À Brazzaville, l’enjeu dépasse le prestige. Dans un contexte où le gouvernement congolais engage des réformes budgétaires pour diversifier une économie encore tributaire des hydrocarbures, le numérique apparaît comme un relais de croissance et d’inclusion sociale. Les observateurs notent que la bataille pour la direction de l’UAT pourrait, à terme, se traduire par une meilleure mobilisation des financements multilatéraux en matière d’infrastructures et par un partage d’expertise entre régulateurs nationaux. Si l’unité africaine prônée trouve un écho concret, le continent pourrait réduire son retard de connectivité de près de 30 % d’ici à 2030, selon les projections de la Broadband Commission.
Dans l’intervalle, les capitales africaines sondent leurs convergences avant le scrutin.
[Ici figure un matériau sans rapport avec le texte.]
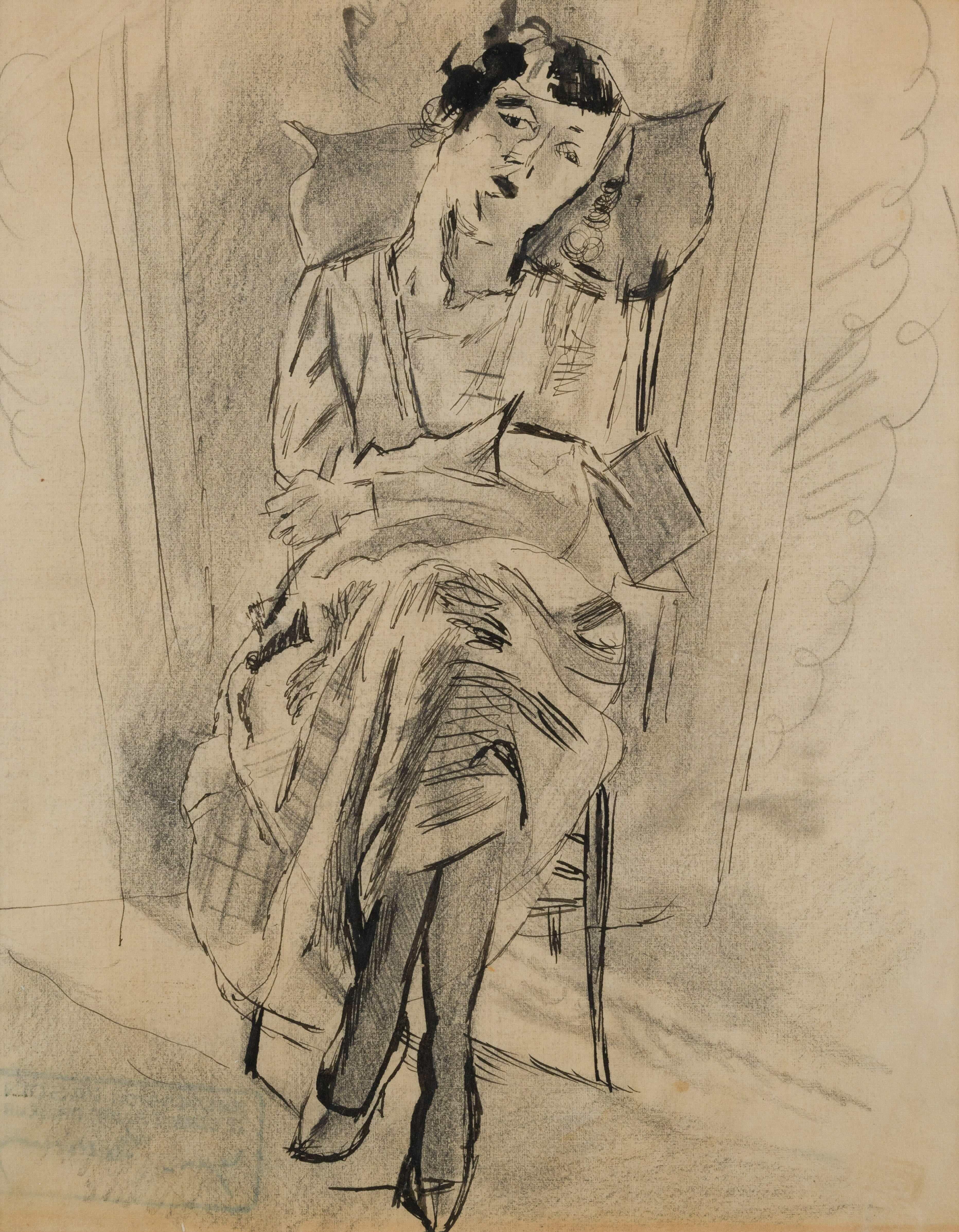 Femme assise by Jules Pascin - Mixed media, work on paper, portrait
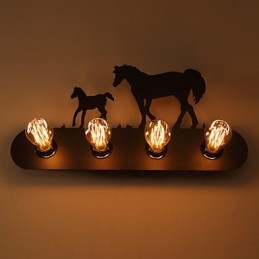 American Village Pastoral LOFT Style Spálne ulička Iron Retro Divoký kôň nástenné lampy Doprava zdarma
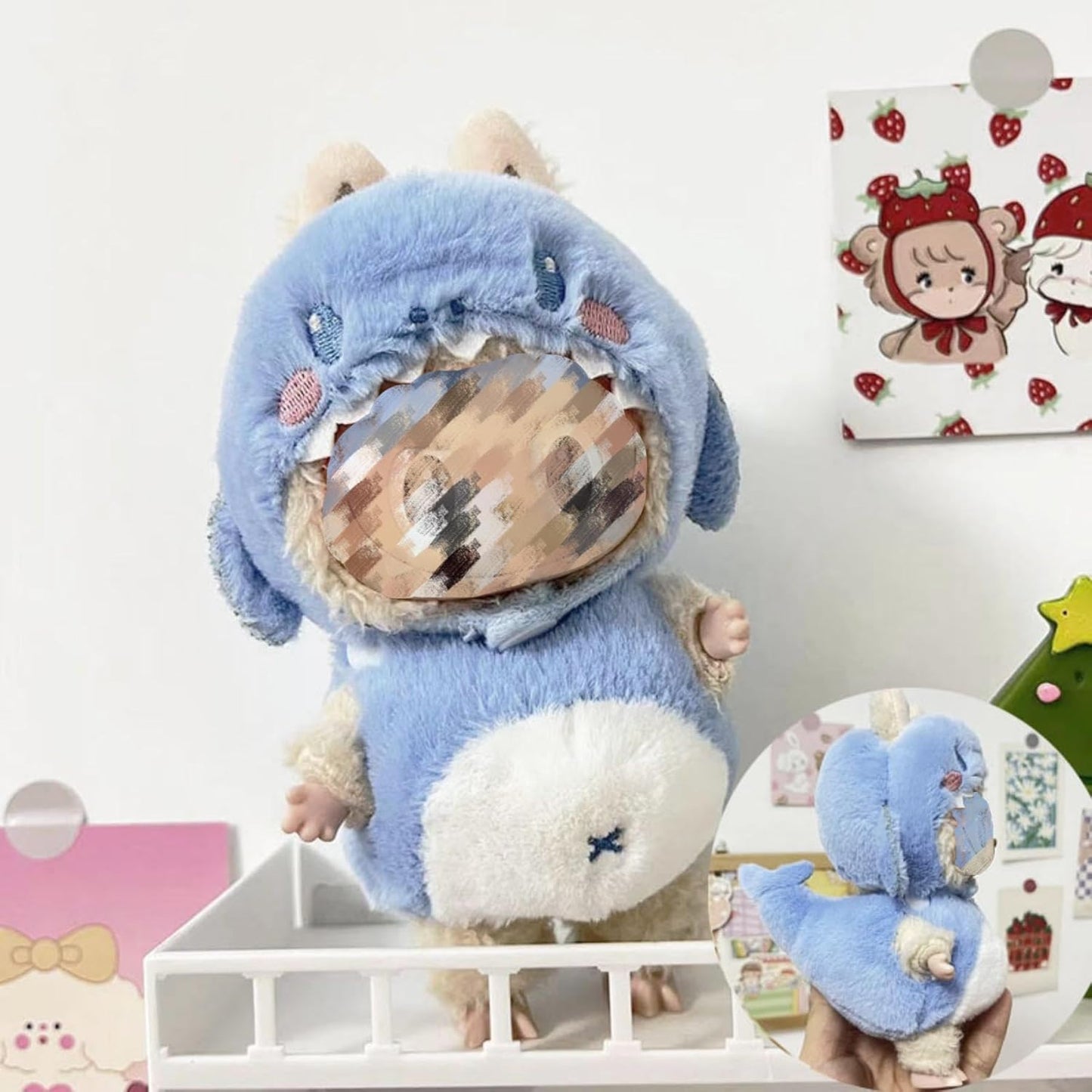 Clothes Set for 17CM/ 6.7 Inch Doll, Crochet 4 Piece Set Hat Clothes Cell Phone Backpack for LABUBU, Stylish Adorable Dolls Clothes Accessories (No Doll) (Pink)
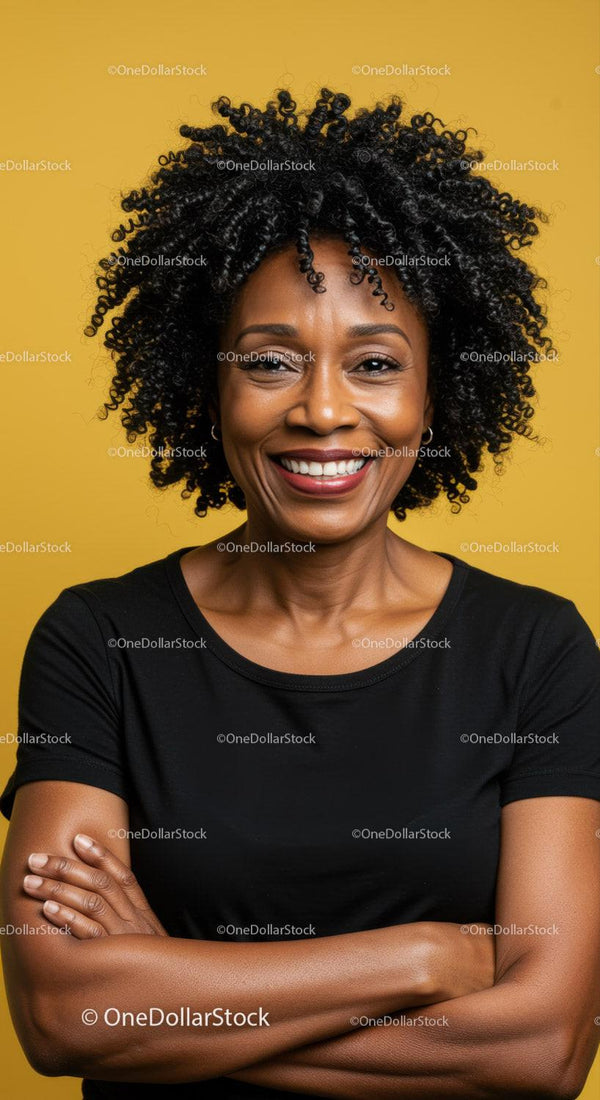 Confident Smiling African American Woman with Curly Hair Studio Portrait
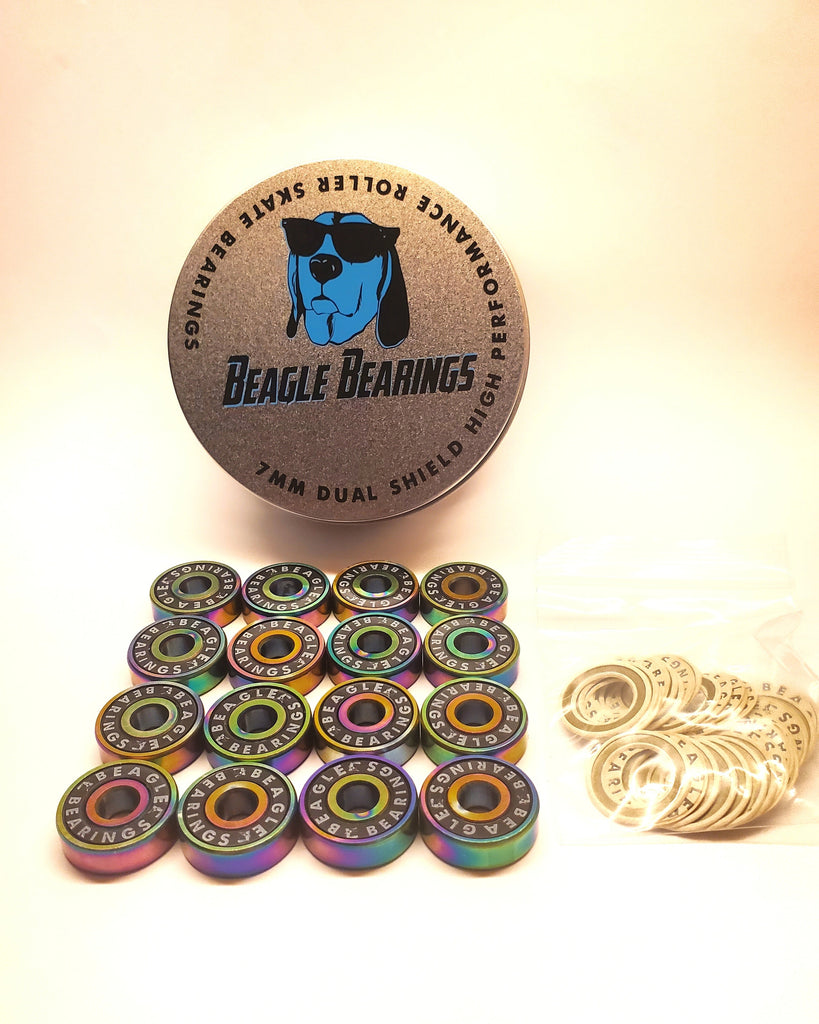 7mm Rainbow/Black High Performance Bearings W/ White Swappable Shields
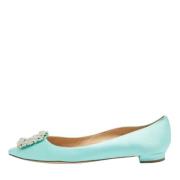 Manolo Blahnik Pre-owned Pre-owned Satin lgskor Blue, Dam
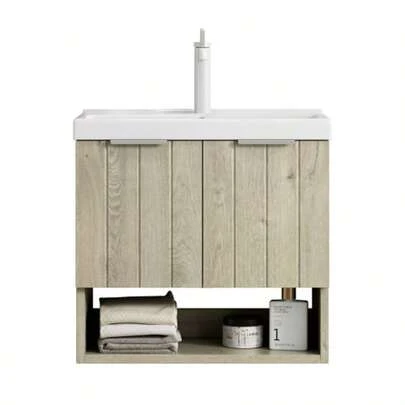 KAIRO 42cm Wall-Mounted Bathroom Vanity Unit With White Rectangular Ceramic Sink, Striped Cabinet With Double Doors And Open Shelf, Oak Cream Wood Grain Color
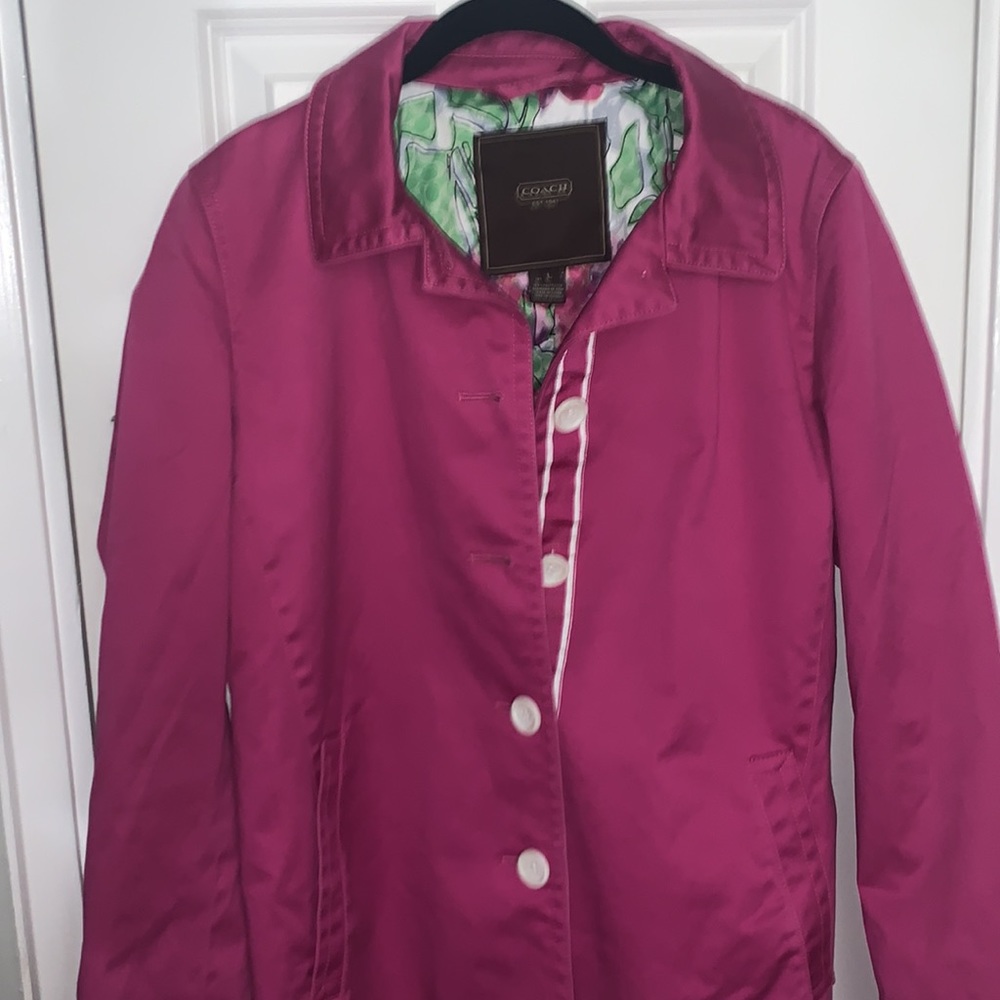 Coach Pink Trench Coat - Picture 3 of 6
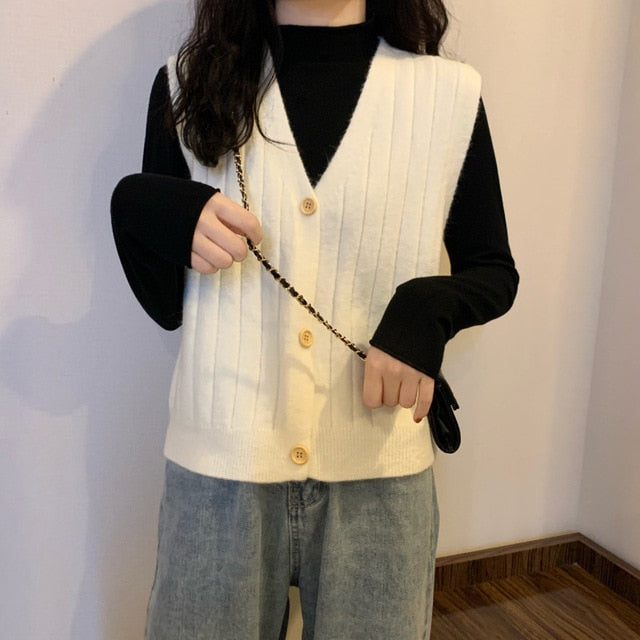 Suéter de punto con cuello en V Vintage para mujer, jersey sin mangas, suéter elástico, chaleco de punto de gran tamaño informal holgado para mujer 2020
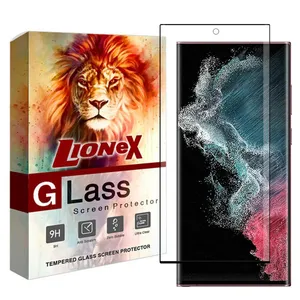 محافظ صفحه نمایش سرامیکی لایونکس مدل EDGCRLION مناسب برای گوشی موبایل سامسونگ Galaxy S22 Ultra 5G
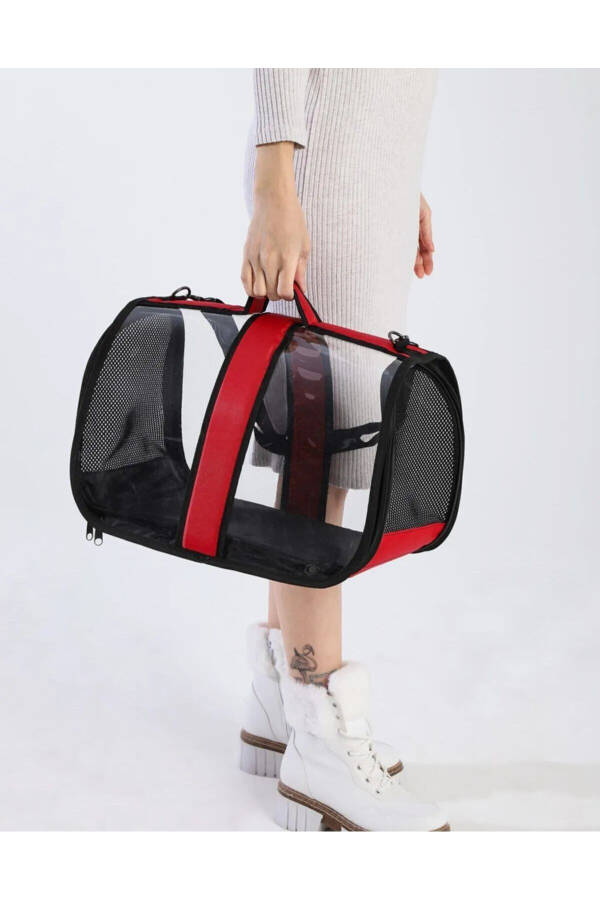 Red Travel Cat Dog Carrier Pet Transparent Shoulder Bag - 1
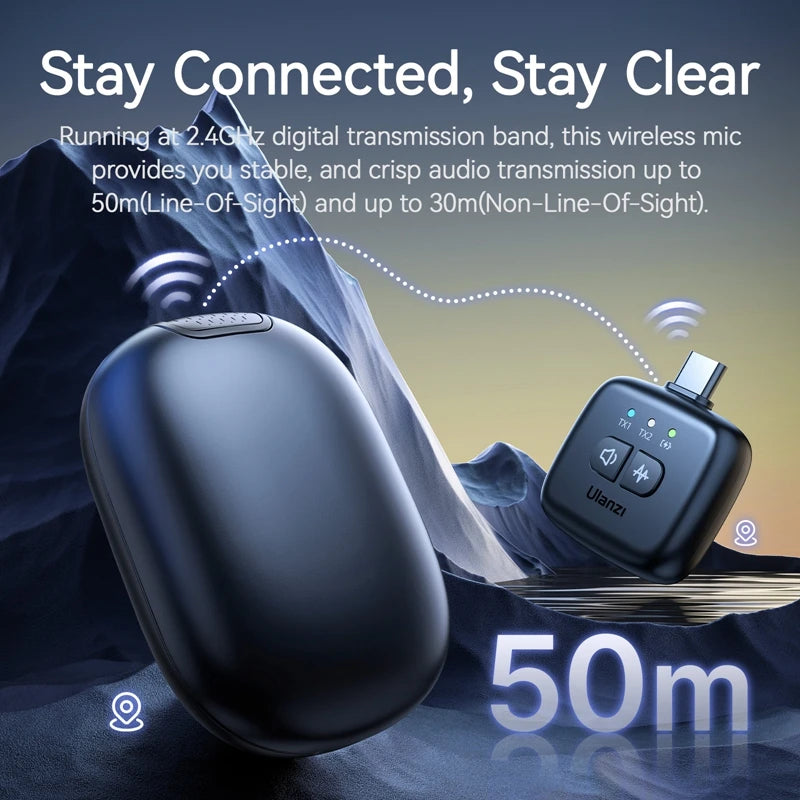 Ulanzi Wireless Lavalier Tiny Microphone A30 for Smartphone Android iPhone 16 15 14 DSLR Cameras for livestreaming Outdoor Vlog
La candidature congolaise, active et assumée, aura au moins réinjecté dans le débat un sens de l’urgence et un discours résolument tourné vers la souveraineté collective. Reste à convertir cette dynamique discursive en coalition électorale et, à terme, en résultats tangibles pour les populations africaines avides d’une inclusion numérique durable.